I was working on a reno and saw the electrician was going to move the electrical service and install a new panel. His temporary solution was to "backfeed" the new panel from the old panel.

He ran an 8/3 between the old panel's 40A breaker and the new panel's 40A breaker. This provided power to the circuits on the new panel without taking the old out of service.
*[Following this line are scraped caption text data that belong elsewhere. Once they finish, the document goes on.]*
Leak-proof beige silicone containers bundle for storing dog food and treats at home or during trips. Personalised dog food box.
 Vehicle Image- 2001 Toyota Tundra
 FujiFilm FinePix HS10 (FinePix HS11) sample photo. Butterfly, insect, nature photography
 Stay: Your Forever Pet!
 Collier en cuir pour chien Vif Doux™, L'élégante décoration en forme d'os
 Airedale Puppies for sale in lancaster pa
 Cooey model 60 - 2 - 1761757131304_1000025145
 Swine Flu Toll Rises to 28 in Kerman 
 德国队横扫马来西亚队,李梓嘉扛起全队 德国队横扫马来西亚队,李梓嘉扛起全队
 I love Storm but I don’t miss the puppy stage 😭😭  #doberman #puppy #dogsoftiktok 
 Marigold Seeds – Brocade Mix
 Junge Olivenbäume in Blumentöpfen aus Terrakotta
Never seen it done before, it is common practice?


----------



## Tinstaafl (Jan 6, 2008)

I do that when I need both panels powered temporarily. Of course I'm an unlicensed hack 12 year old.


----------



## woodchuck2 (Feb 27, 2008)

Actually i am doing the same thing on a job currently. I installed a new panel in the basement and a new service, the new panel is being backfed from the old panel until the POCO switches the power from the old service to the new service. After that i will backfeed the old panel until all circuits are removed and put into the new panel. The house is being remodeled so as each room gets redone i tear out the old wiring and replace with new into the new panel. No loss of power except for the 30 minutes it takes for the POCO to do the swap at the weatherhead.


----------



## Rob PA (Aug 30, 2010)

wouldnt see a issue unless it is permanent and exceeds the orginal panels capacity


----------



## The Coastal Craftsman (Jun 29, 2009)

Same way mines being done in a couple of days. Seems to be fine and even power company rep explained it should be done this way.


----------



## one man show (Dec 20, 2010)

*backfed panel*

break down and pay for a temp power pole before u burn your house down


----------



## Inner10 (Mar 12, 2009)

> break down and pay for a temp power pole before u burn your house down


I don't see how its a hazard, when I looked at the setup I was a little confused then... thought it was pretty clever.


----------



## 480sparky (Feb 1, 2009)

Sounds like the temporary feeder is perfectly legal. The only issue would become whether the load the panel can expect to supply would exceed that 40a.

FWIW, I temp. entire 200a dwelling services with 40a if they're not going to run their AC.








​ 







​


----------